Attenti. La Grecia è vicina
di Angelo Spaziano - 20/06/2011
Giornata disastrosa per le borse del Vecchio e del Nuovo Continente. Il minacciato declassamento da parte dell’agenzia di rating Moody’s di tre importanti istituti di credito transalpini, Bnp Paribas, Credit Agricole e Societé Generale, molto esposti sul “fronte ellenico”, ha provocato l’affondamento di tutti i titoli scambiati nelle principali piazze d’occidente.
Il vicepresidente della Bce, Vitor Constancio, ha dichiarato al proposito che la maggiore minaccia alla stabilità della zona euro è dovuta proprio alla crisi debitoria del paese balcanico. «La Grecia – ha precisato Constancio – potrebbe provocare un effetto contagio, e questo è il motivo per il quale siamo contrari a ogni sorta di default che porti al taglio del valore nominale e dei tassi d’interesse sui titoli di stato».
Anche l’euro infatti ha pesantemente risentito della montante “sindrome greca”, mentre i prezzi di ore e argento hanno subito un’impennata. La peggiore performance borsistica l’ha fatta registrare Milano, con -2,16%, ma l’economia messa peggio, naturalmente, resta quella d’Oltreionio. Atene infatti è letteralmente ridotta alla canna del gas, con i bond a due anni che, dopo l’ingenerosa raffica di downgrade effettuata da Moody’s e da Standard & Poor’s, hanno sfondato il muro del 28%. I titoli decennali invece sono schizzati a 1700 punti rispetto a quelli tedeschi.

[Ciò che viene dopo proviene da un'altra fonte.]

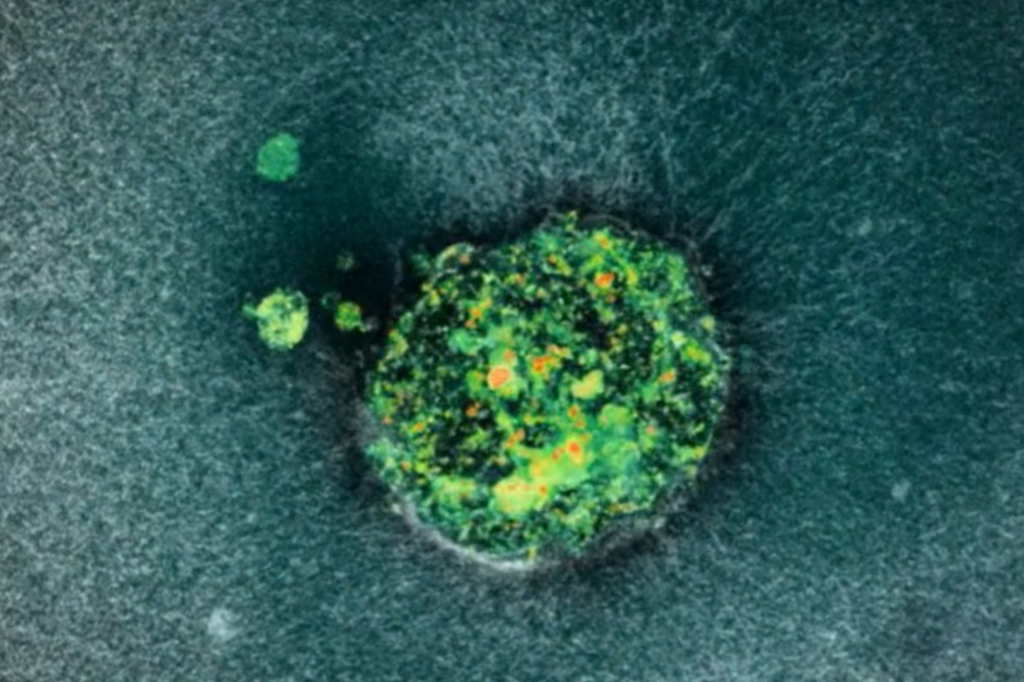 Pela primeira vez, cientistas registram momento em que embrião humano se fixa no útero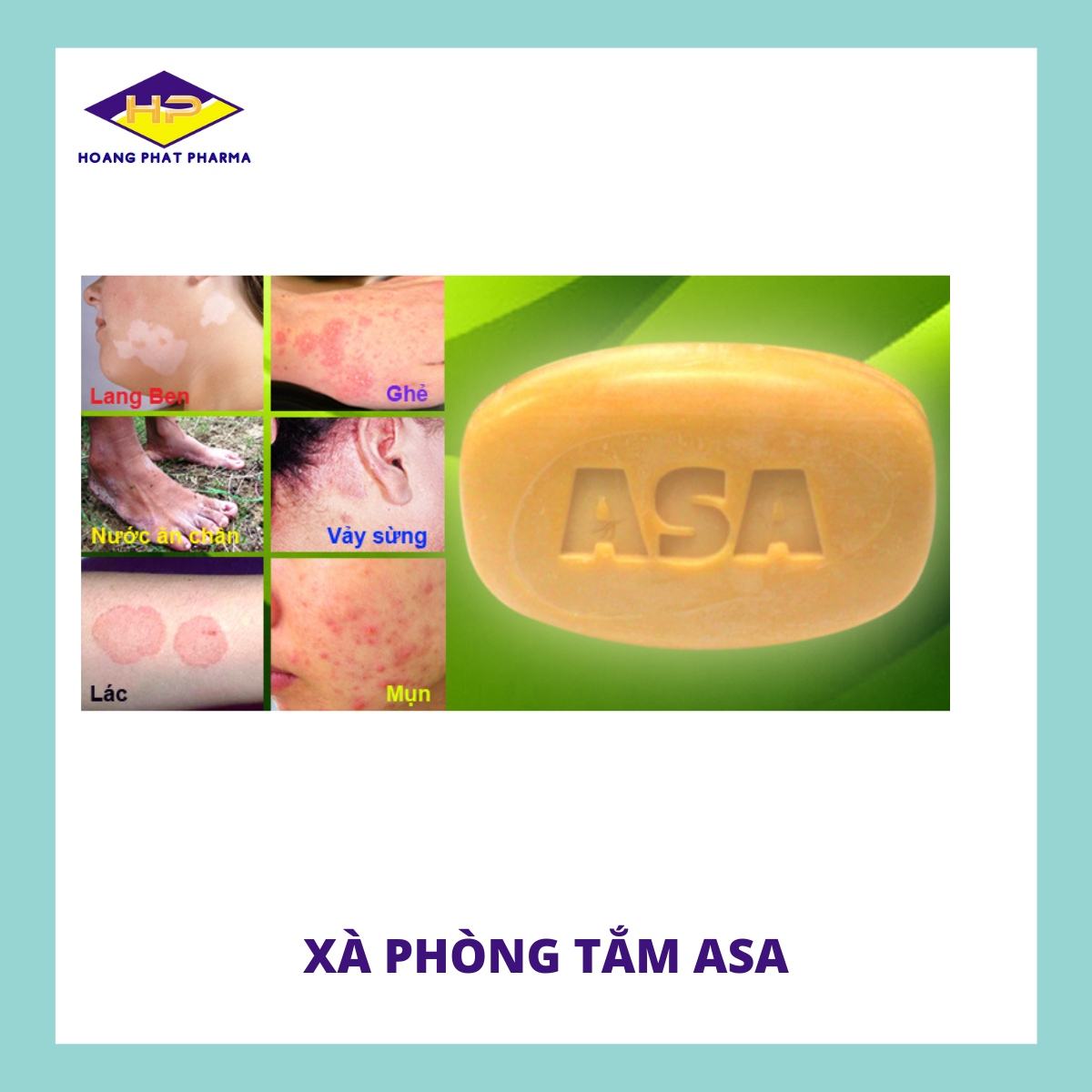 Xà phòng tắm folia asa - hỗ trợ trị mụn da lác lang ben ghẻ nước ăn chân vảy sừng - hoàng phát - asaxaphong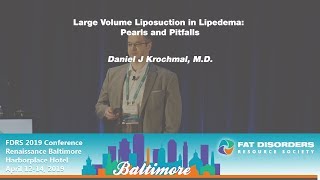 Large Volume Liposuction in Lipedema  Pearls and Pitfalls - Daniel J Krochmal, MD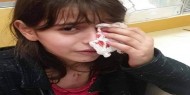 إصابة طفلة في عينها عقب اعتداء مستوطن عليها في القدس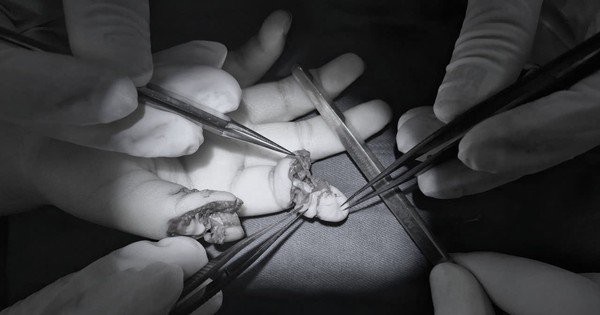 Bé 5 tuổi đứt rời 2 ngón tay khi chơi xe điện tự chế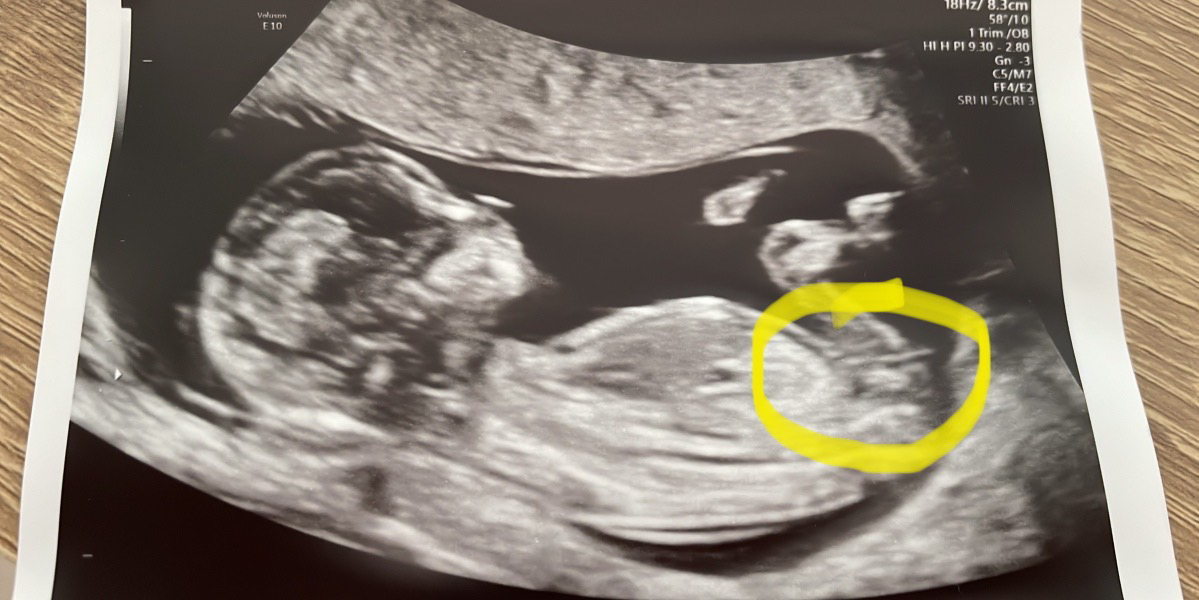 Curious to know sex of baby 
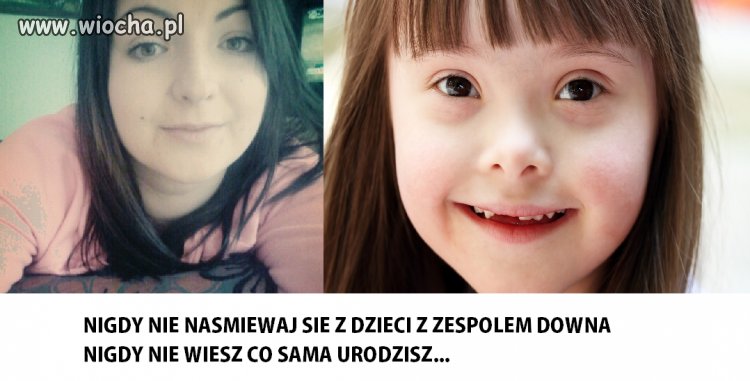 Zespol downa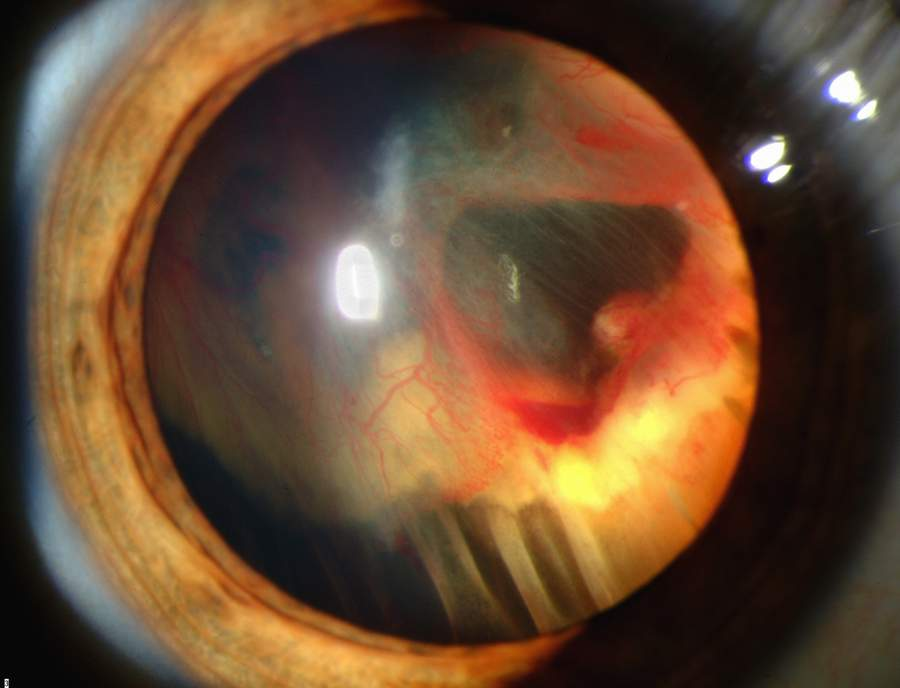 Slit_lamp_photograph_showing_retinal_detachment_in_Von_Hippel-Lindau_disease_EDA08.JPG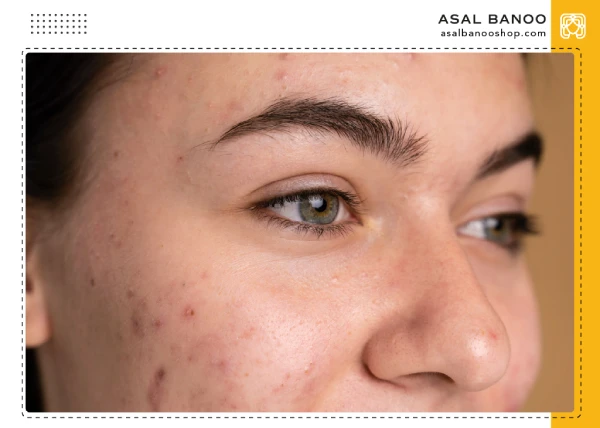 best-repair-cream-to-remove-pimples چگونه از ایجاد جای جوش جلوگیری کنیم؟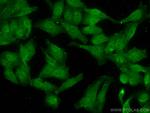 Glucocorticoid receptor Antibody in Immunocytochemistry (ICC/IF)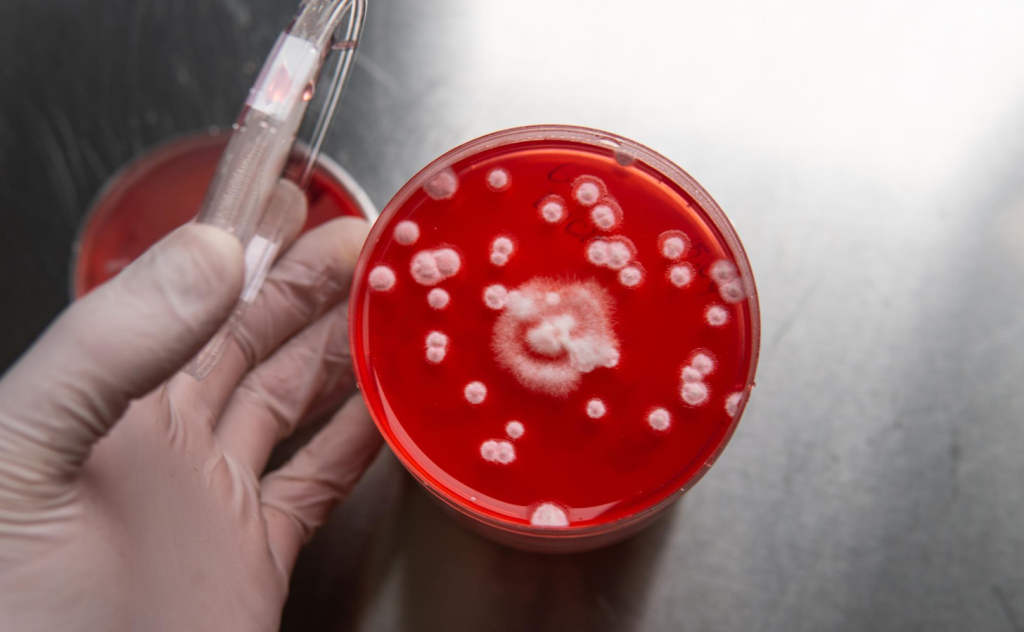 Acute Myeloid Leukemia Survival Rate Bone Marrow Transplant Statistics Acute Myeloid Leukemia Survival Rate Bone Marrow Transplant Statistics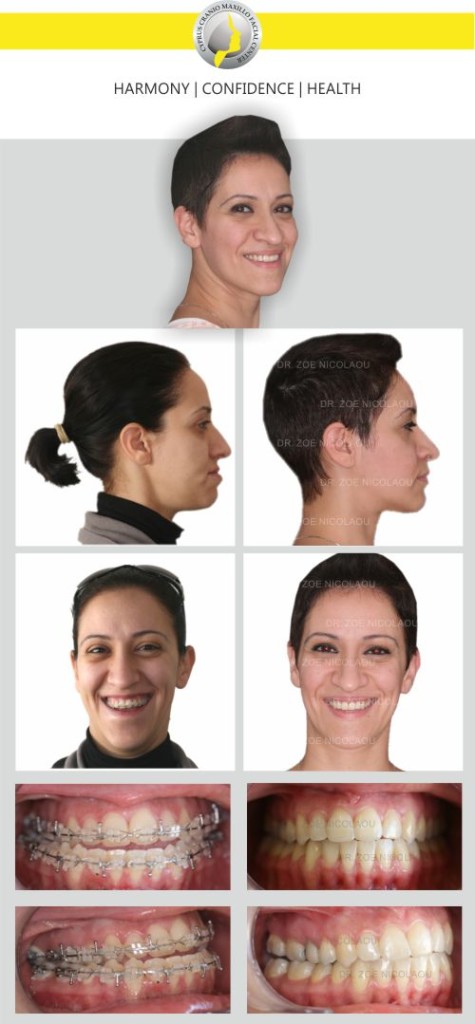 Cyprus Cranio Maxillo Facial Center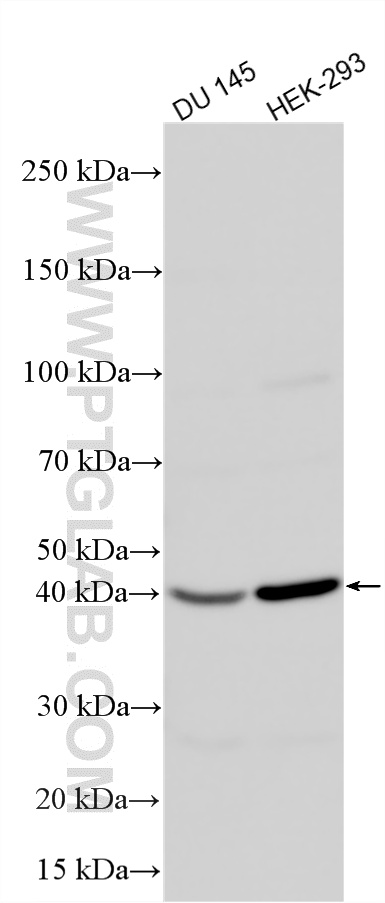 Various lysates were subjected to SDS PAGE followed by western blot with 33216-1-AP (ZNF551 antibody) at dilution of 1:6000 incubated at room temperature for 1.5 hours. WB analysis using 33216-1-AP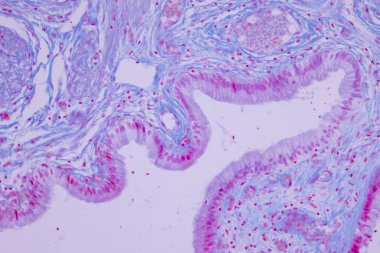 Laboratuvarda mikroskop altında insan safra kesesi kolon epitelyumu..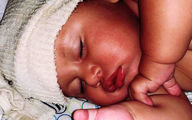 تولد نوزادی بدون انگشت دست و با پای ناقص + عکس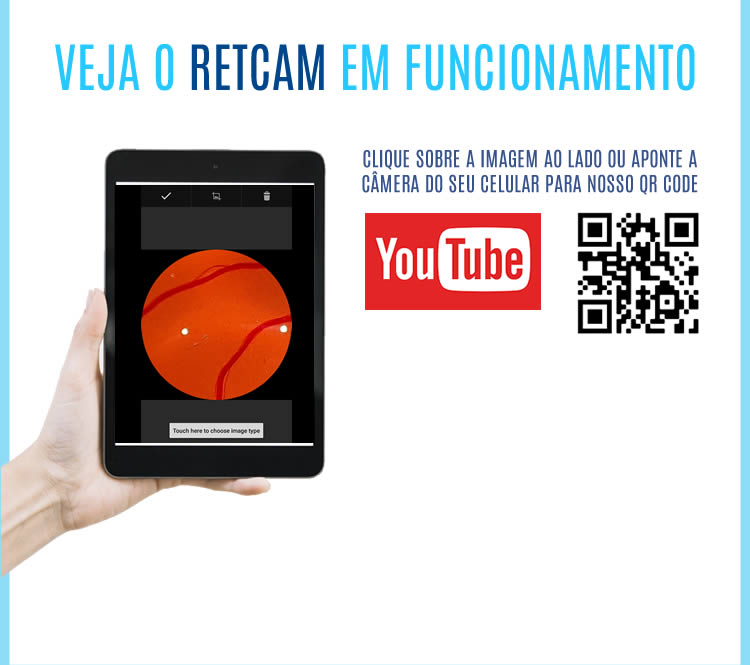Cadeira e Coluna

Insomma Atene, è messa più o meno come l’Argentina d’inizio millennio e tutto fa prevedere che il paese egeo seguirà a breve le sorti della compagna di sventura sudamericana. Ad Atene infatti, proprio mentre veniva dibattuto il piano di contenimento del debito, s’è verificato un tentato assalto al palazzo del Parlamento in Piazza Syntagma.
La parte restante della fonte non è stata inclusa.